Adding Probiotics To Your Diet
7 Ways to Improve Your Microbiome
Number 3: Adding Probiotics To Your Diet
One of the best things you can do to improve your microbiome is to make sure you include probiotics in your diet. Ideally you want to include some every day or at least most days of the week. But what exactly are probiotics? They are microorganisms that live in the food we consume. Yogurt is a great example that most of us are familiar with. As long as the yogurt hasn’t been pasteurized, it has live cultures (a.k.a bacteria and other microorganisms) in it that can then make it into your gut and help populate it with good organisms.
It’s a good idea to include some sort of probiotic daily. Think of it as a maintenance thing, similar to taking a multi-vitamin. Probiotics are a great tool to help you populate your gut flora with good bacteria. They are available in pill and drink form, or you can get them by eating probiotic rich food on a daily basis.
What you want to look for are fermented foods and drinks. We already consume quite a few of them. Yogurt is a great example. As is cheese, sauerkraut, sourdough bread, and even pickles. By making sure we include them several times per week or even daily, we can help out our gut and with it improve our microbiome.
It is important that the fermented foods you eat have live cultures in them. Most commercial pickles for example have been pasteurized. This kills the bacteria and makes for a longer shelf life. If you look, you can find varieties with live cultures (often in the refrigerated section), and you can make many of these fermented foods at home as well. Let’s run through a few of them.

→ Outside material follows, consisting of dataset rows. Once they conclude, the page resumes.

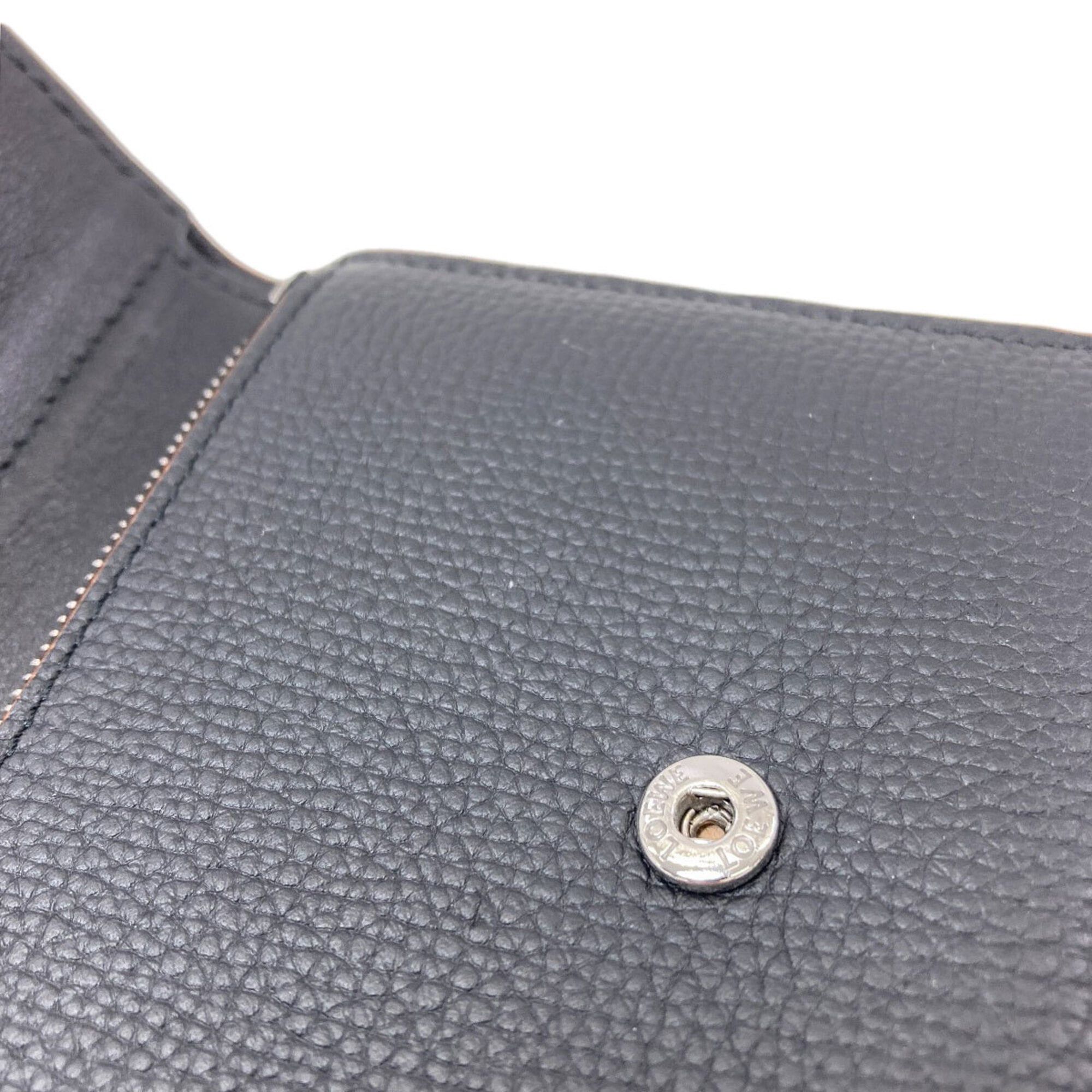 Loewe Loewe Anagram Trifold Wallet, Bi-fold Leather, Women's LOEWE Size ONE SIZE - 11 Thumbnail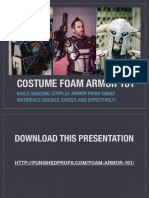 Costume Foam Armor 101: Build Amazing Cosplay Armor From Cheap Materials Quickly, Safely, and Effectively!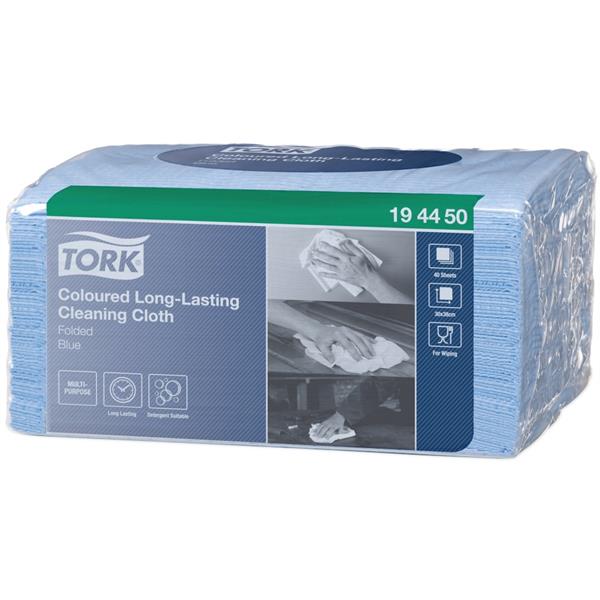 765338 Tork 194450 Klut TORK Premium W8 kodet blå (40) Fargekodet klut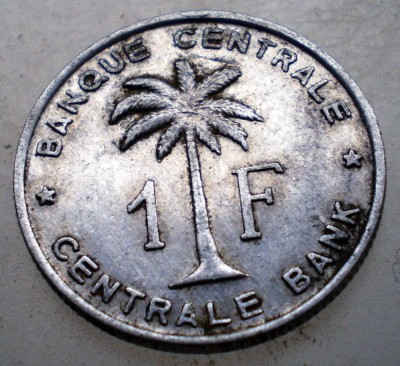 7.683 CONGO RUANDA URUNDI 1 FRANC 1959 foto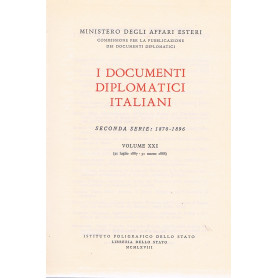 I documenti diplomatici italiani. Seconda serie: 1870-1896. Volume XXI (31 luglio 1887 - 31 marzo 1888)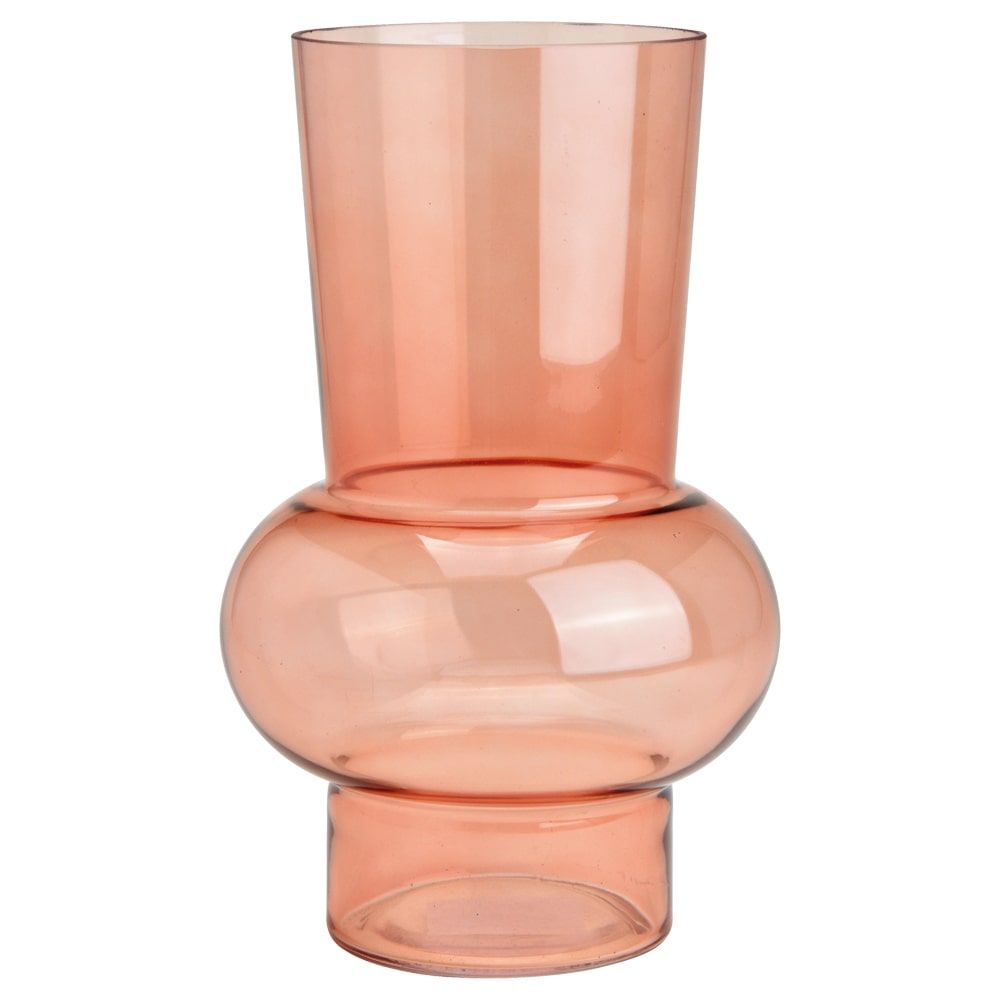 matches21 - Webshop Huebsche Blumenvasen modern rosa Vasen Glas in 2 Groessen 126486 2 1 9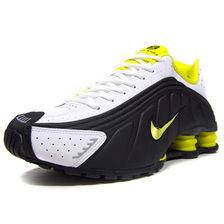 NIKE SHOX R4 BLACK/DYNAMIC YELLOW/WHITE/NOIR/BLANC/JAUNE DINAMIQUE 104265-048画像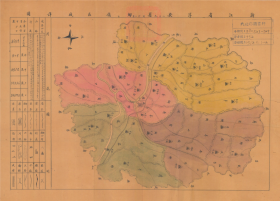 【提供资料信息服务】老地图1940年淳安县乡镇区域详图 】民国二十九年（1940年）《淳安县老地图》（原图高清复制）（淳安老地图、淳安地图、淳安县地图、千岛湖老地图、千岛湖地图）全图规整，色彩雅丽，年代准确，左侧附县治资料，民国淳安县乡镇区域详图。淳安地理地名历史变迁重要史料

Yogurt - Yogurt is so versatile. You can eat it plain, sweeten it with a little fruit or honey, turn it into a filling meal by adding grains like oats, or turn it into a portable breakfast by making a smoothie. Look for live culture yogurts and stay away from varieties that have a lot of added sugar. The sugar is counterproductive by feeding the bad bacteria we don’t want in our gut.

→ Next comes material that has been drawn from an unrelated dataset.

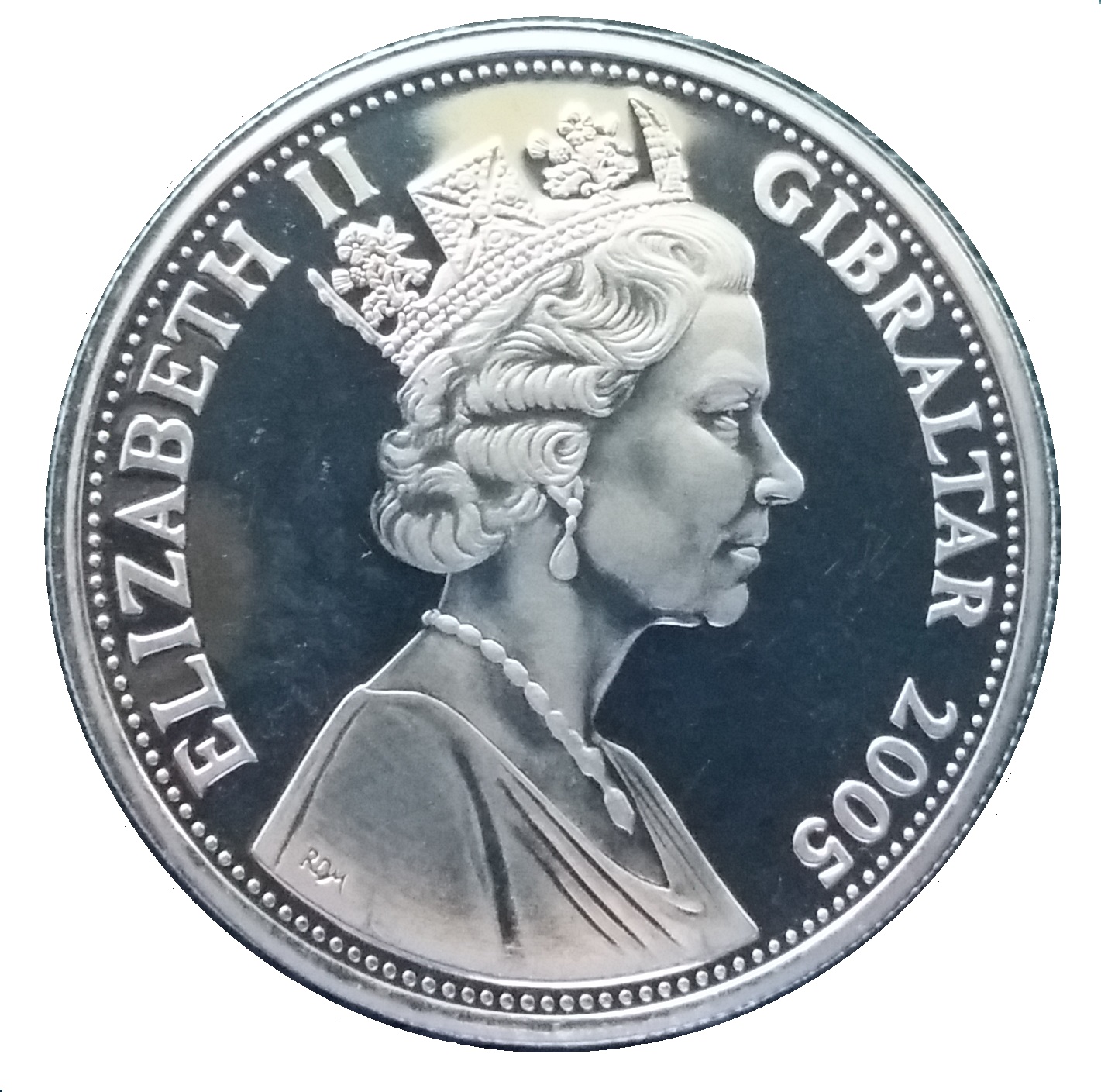 Gibraltar 1 Crown - Elizabeth II State Opening of Parliament obverse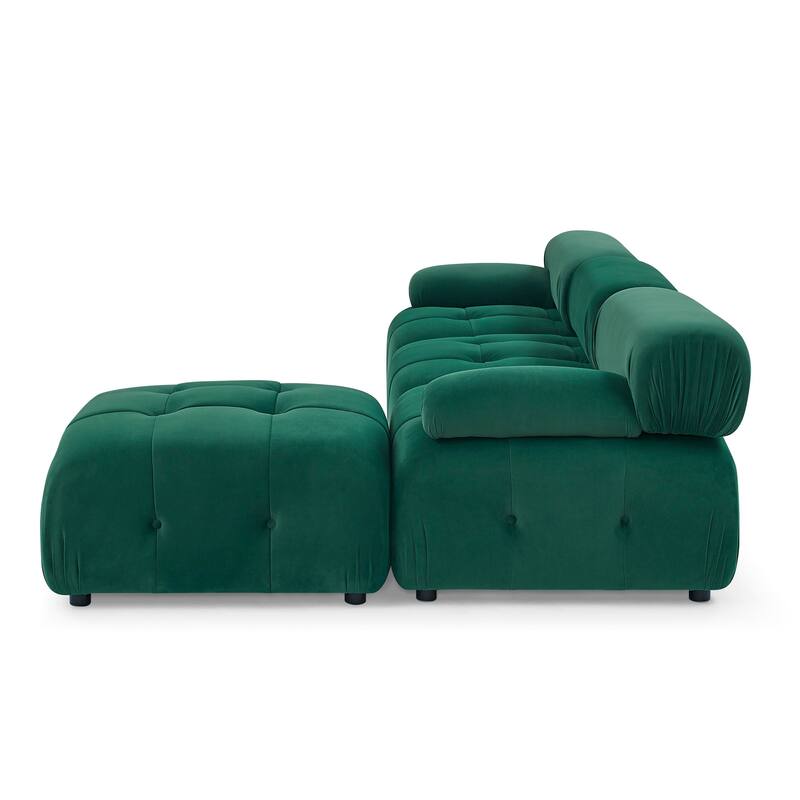 Modular Sectional Sofa L Shaped Couch with Reversible Ottoman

Kefir - If you like yogurt, you’re going to love Kefir. It has quite a lot more probiotics and cultures that you can’t get from your yogurt. With a similar flavor profile, it’s great for smoothies. You can purchase kefir, or make your own using kefir grains. The process involves leaving a cup of unpasteurized milk mixed with the grains out on the counter for about twenty-four hours. It will thicken and acquire the tart, mildly cheesy taste it is known for.

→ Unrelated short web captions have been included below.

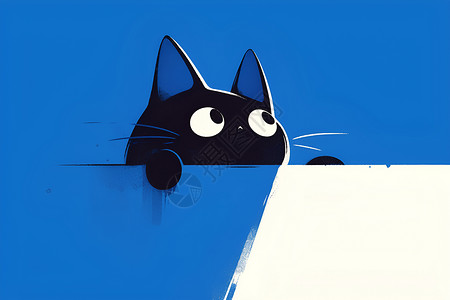 帅气宠物墙壁上的猫咪插画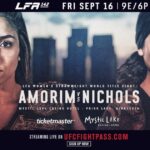LFA 142 Resultados: Amorim x Nichols (16/09)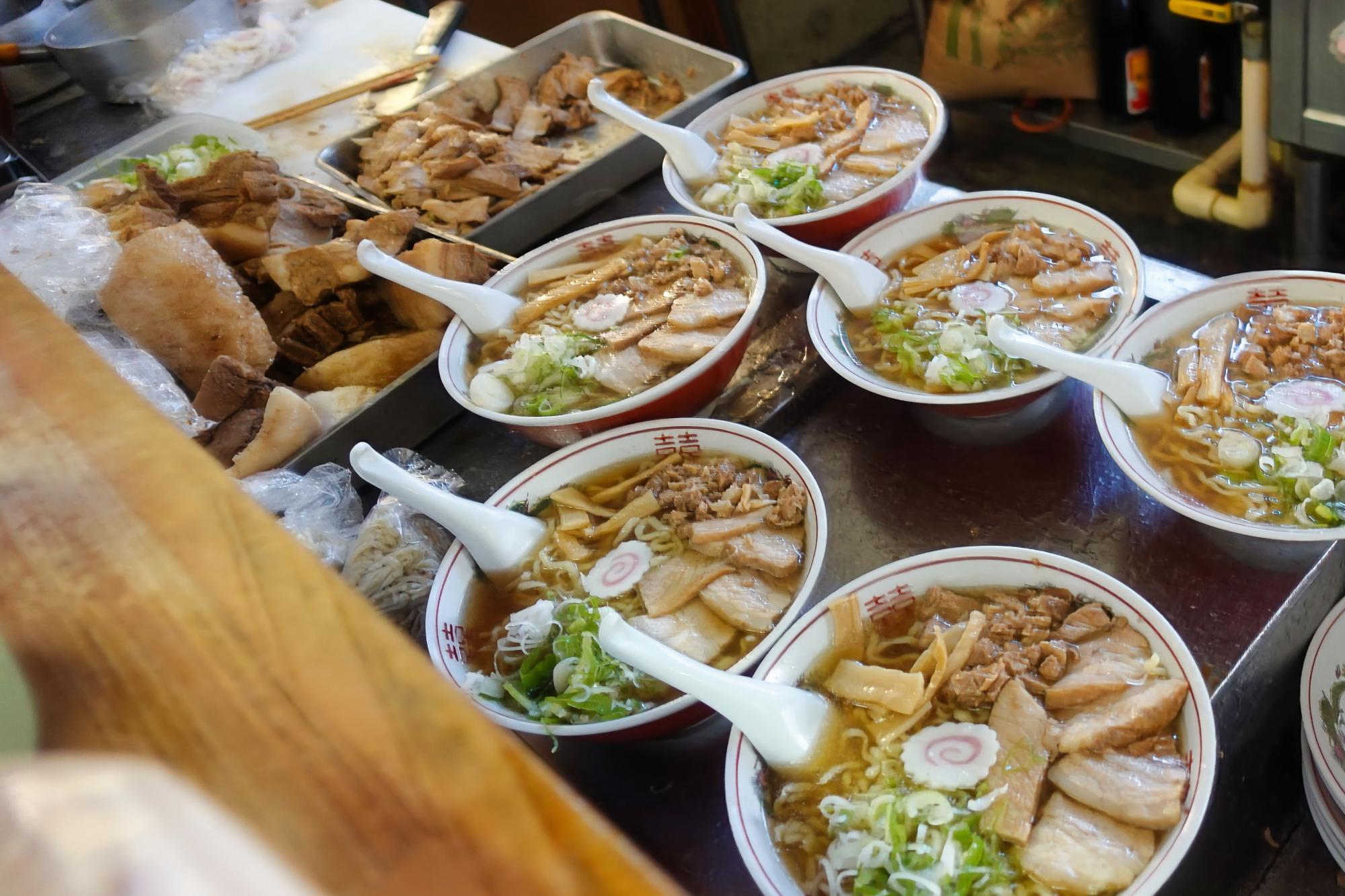 天高盛(てんこもり) ラーメン 喜多方ラーメン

Cheese - Let’s round out this discussion by talking about cheese. Cheese is made with the help of bacteria. If you can find unpasteurized cheese, you can count it towards your probiotic food intake.
Sauerkraut & Other Lacto-Fermented Veggies - Sauerkraut is a great probiotic-rich food. Look for the kind in the refrigerated section that hasn’t been pasteurized or make your own. All it takes is a clean container, cabbage, salt, and time. You can ferment and preserve other vegetables in the same way. Search lacto fermentation. Carrots and cucumbers are great options when you’re starting out. Kimchi is another fun option that you can often find at your local grocery store.
Keep trying different probiotic rich foods and add a commercial probiotic when you need that extra boost (after a round of antibiotics for example).